Writing for The Atlantic, Stephen Marche makes the following observation: “We have never been more detached from one another, or lonelier. In a world consumed by ever more novel modes of socializing, we have less and less actual society. We live in an accelerating contradiction: the more connected we become, the lonelier we are. We were promised a global village; instead we inhabit the drab cul-de-sacs and endless freeways of a vast suburb of information.” We have succeeded in creating stable digital communities, but not so much at curing loneliness.

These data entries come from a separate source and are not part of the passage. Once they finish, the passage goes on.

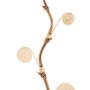Branche Crème Bambou Rotin 5 x 0,5 x 190 cm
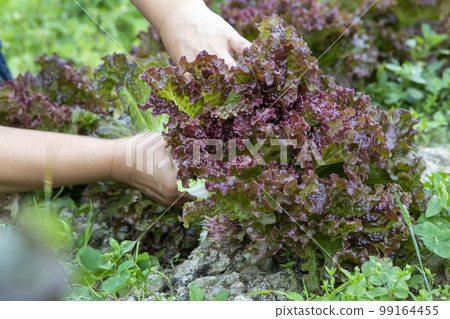 A菜，蔬菜，甜萵苣，萵苣，拔葉A菜 ，アマランス、野菜、スイートレタス、レタス、摘みアマランス、 99164455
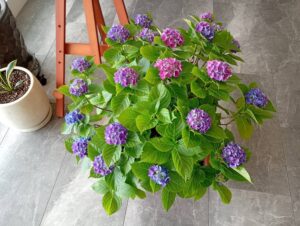 紫陽花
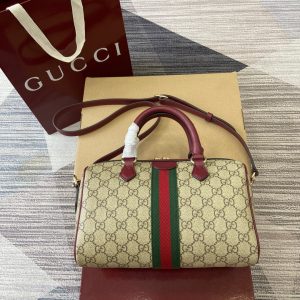 GG Ophidia Bag 25cm Canvas leather 339622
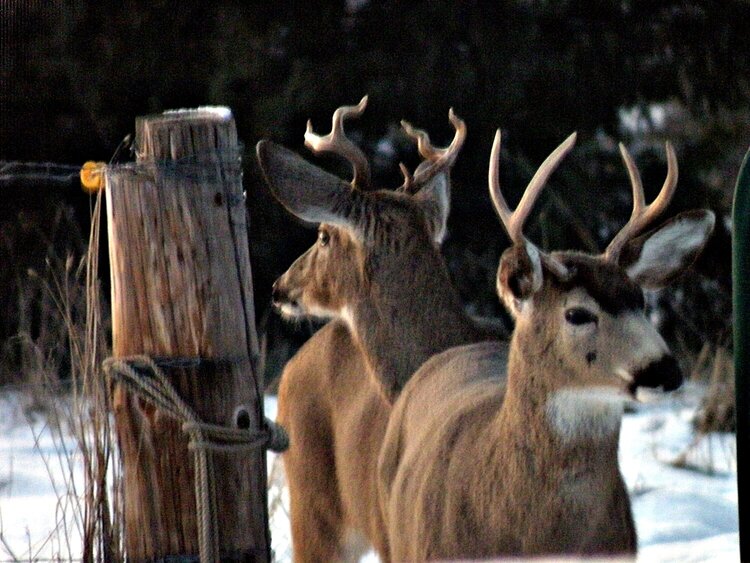 POD...JAN #1/15...Deer/Antlers...1-3-11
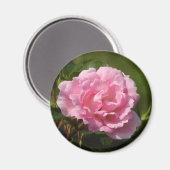 Rosa Magnet (Vorderseite/Rückseite)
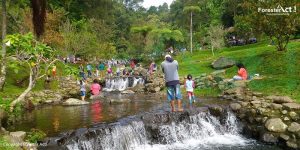 Curug Kecil di Kebun Raya Cibodas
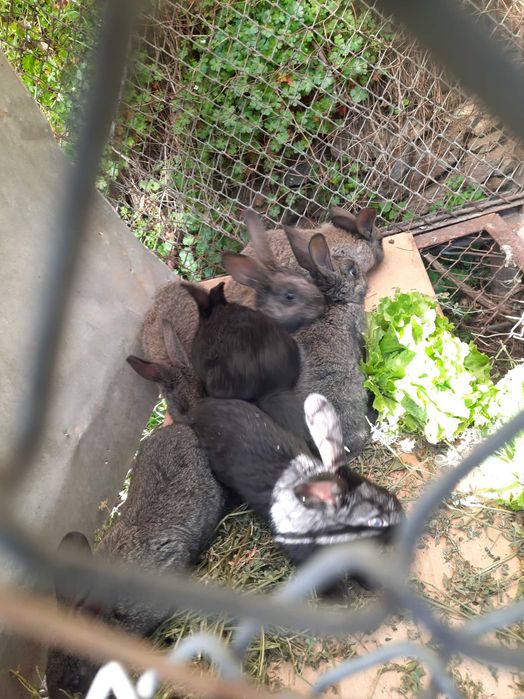 Малки зайци на 2 месеца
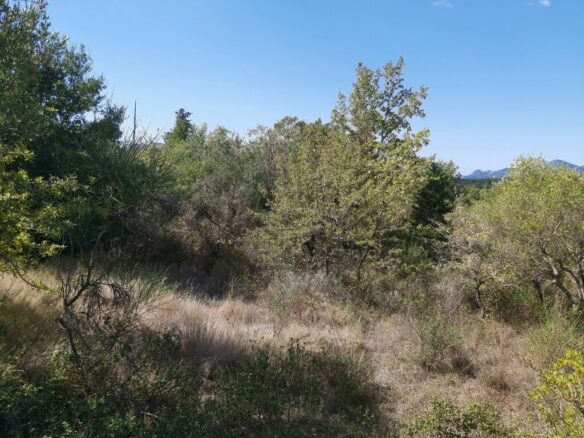 Land In Corfu, Greece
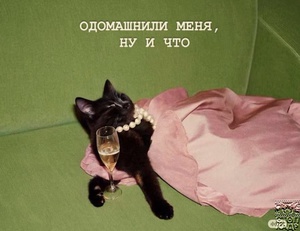 Стать избалованной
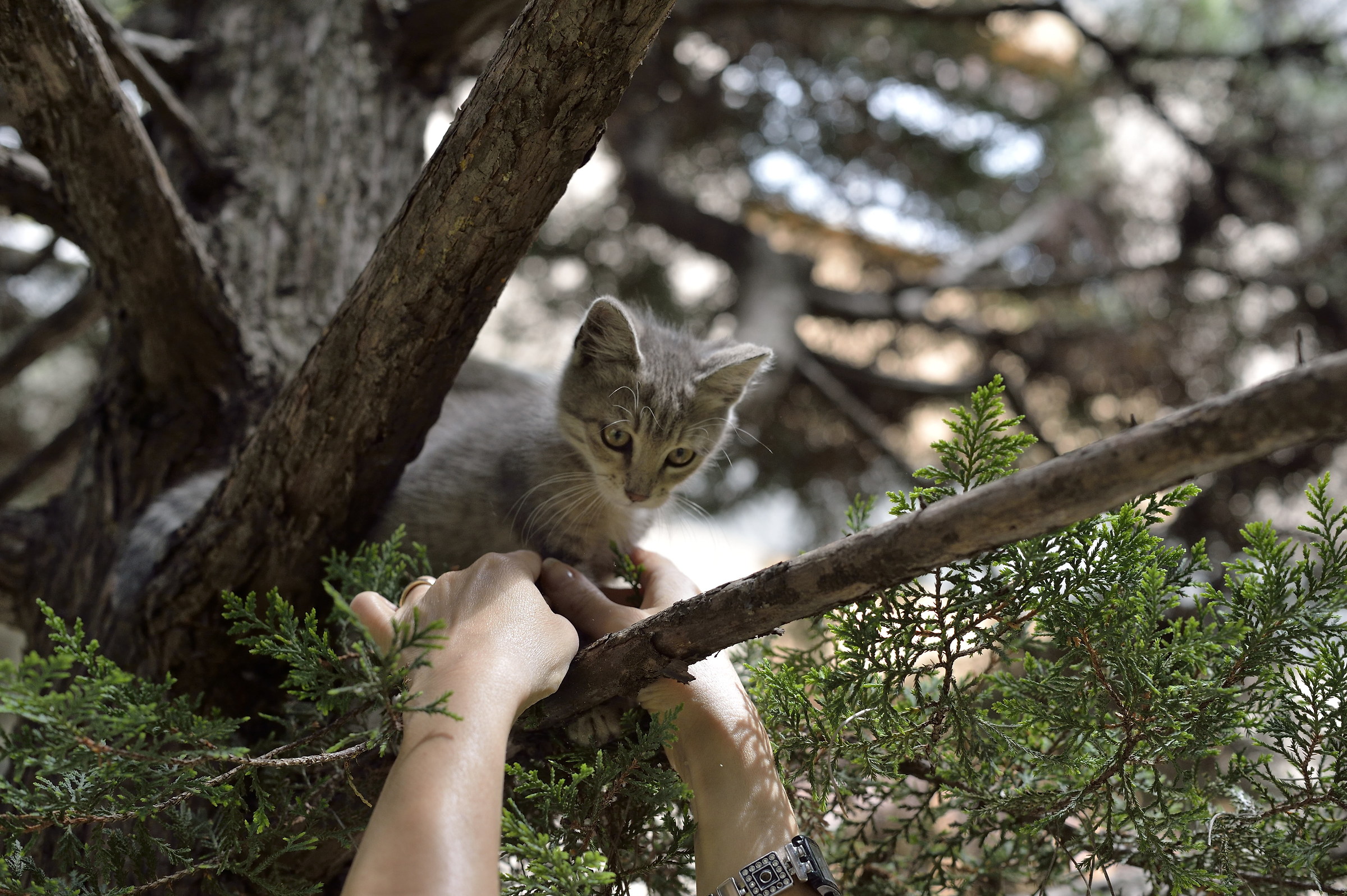 ... Finalmente i soccorsi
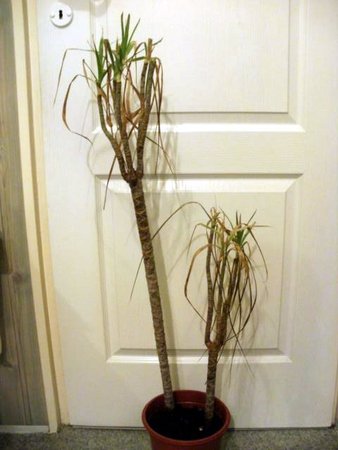 dracena całość.jpeg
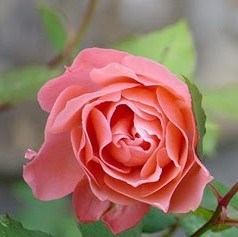 Obituary of Lillian Jeanette Scott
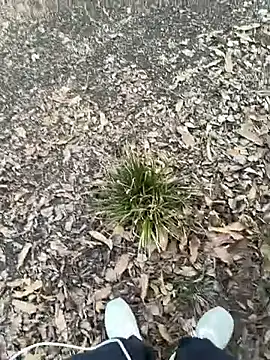 SL_NIKI_PUBLIC: απευθείας συνομιλία ΧΧΧ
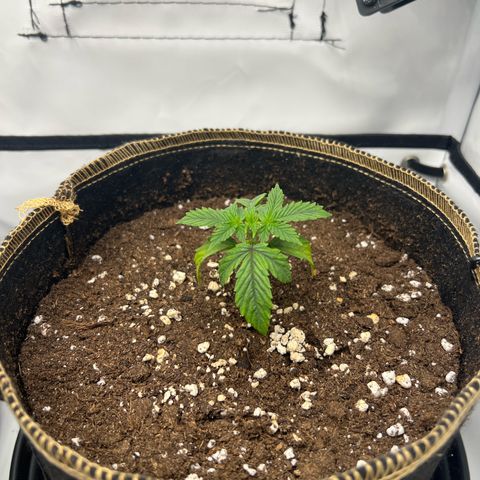 Blueberry Zkittlez Auto growlog timeline photo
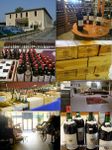 Plus de 3500 bouteilles de grands vins de Bordeaux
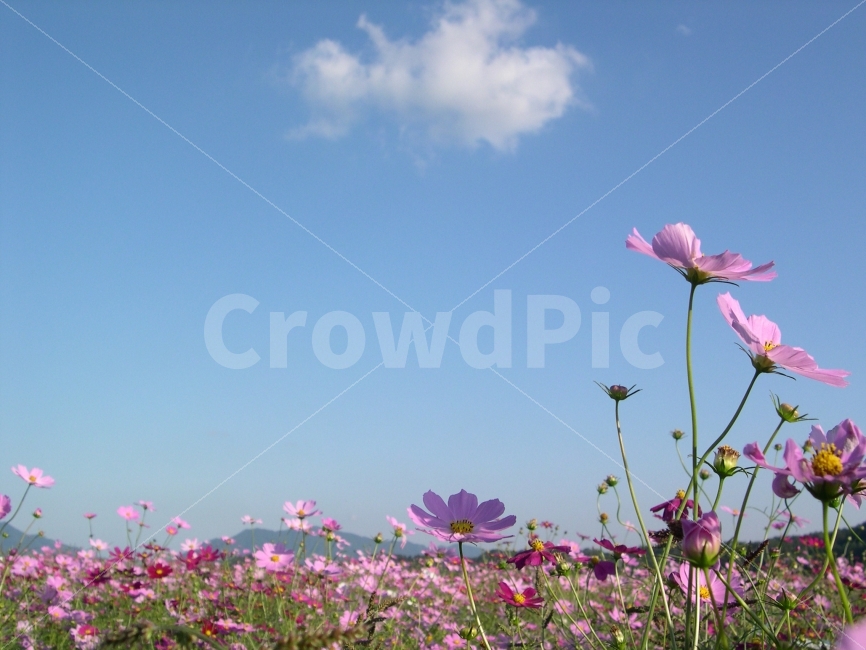 코스모스,가을,꽃,가을꽃,꽃밭,자연,풍경,nature,landscape,가을,계절,fall,autumn,season,식물,plants,꽃,flower,blossom,plant,geranium,제라늄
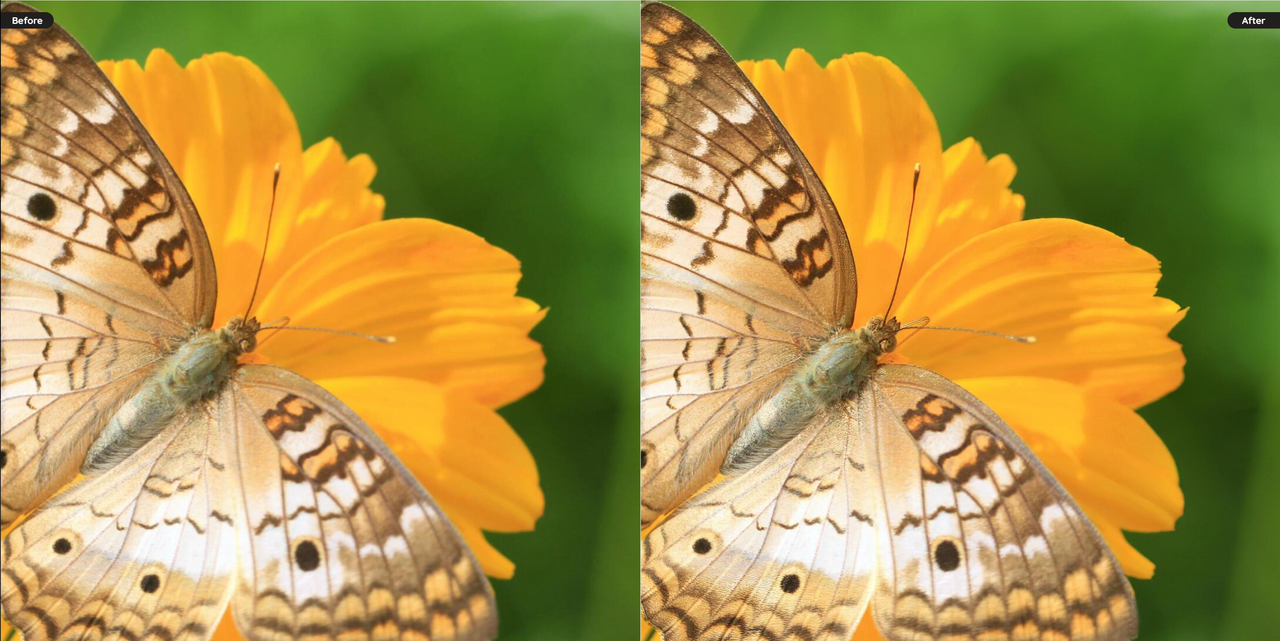 Poll option Vance AI Image Sharpener image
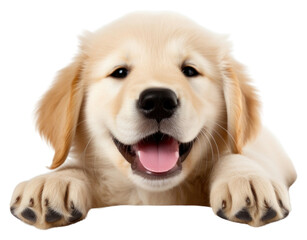 Obraz premium PNG Puppy smiling mammal animal.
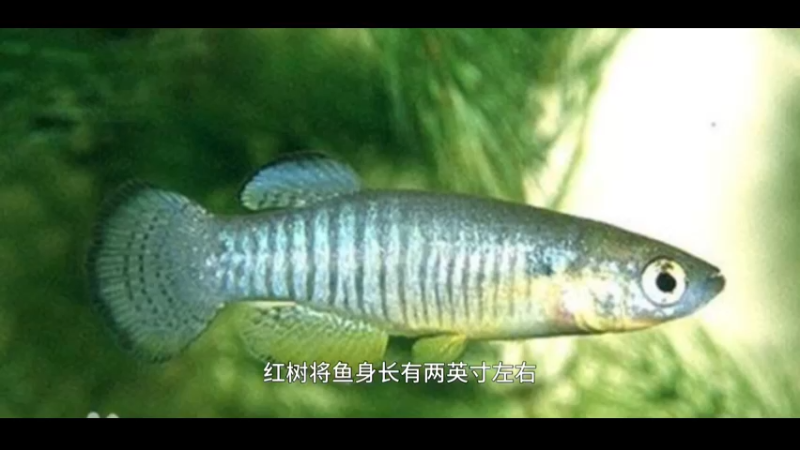 红树鳉鱼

The Innovation of Loneliness draws on some interesting sociological research to bring us a comprehensive understanding of how Facebook is contributing to our overwhelmingly pervasive loneliness problem. Created by Shimi Cohen, the video makes a smart, though painfully obvious argument for why we should try to connect in real life, rather than our virtual ones, and it is absolutely on point. As a matter of fact, it becomes especially poignant when it touches on our ability to edit our social profiles, clearly illustrating how we spend entirely too much time on self-promotion and crafting ideal images of ourselves.
Check it out below.
Considering that the number of people reporting feeling lonely doubled in the last 30 years, it’s hard not to see a correlation between loneliness and the rise of social networks. Notably, the density of these reports is escalating in recent years. The problem with controlling how others see us is that we rarely get to be seen as we really are, unfiltered. To be or not to be ourselves, is one the bigger paradoxes of our time. And if we somehow manage to let go of our need to control our public image, we may be able to combat our increasing loneliness.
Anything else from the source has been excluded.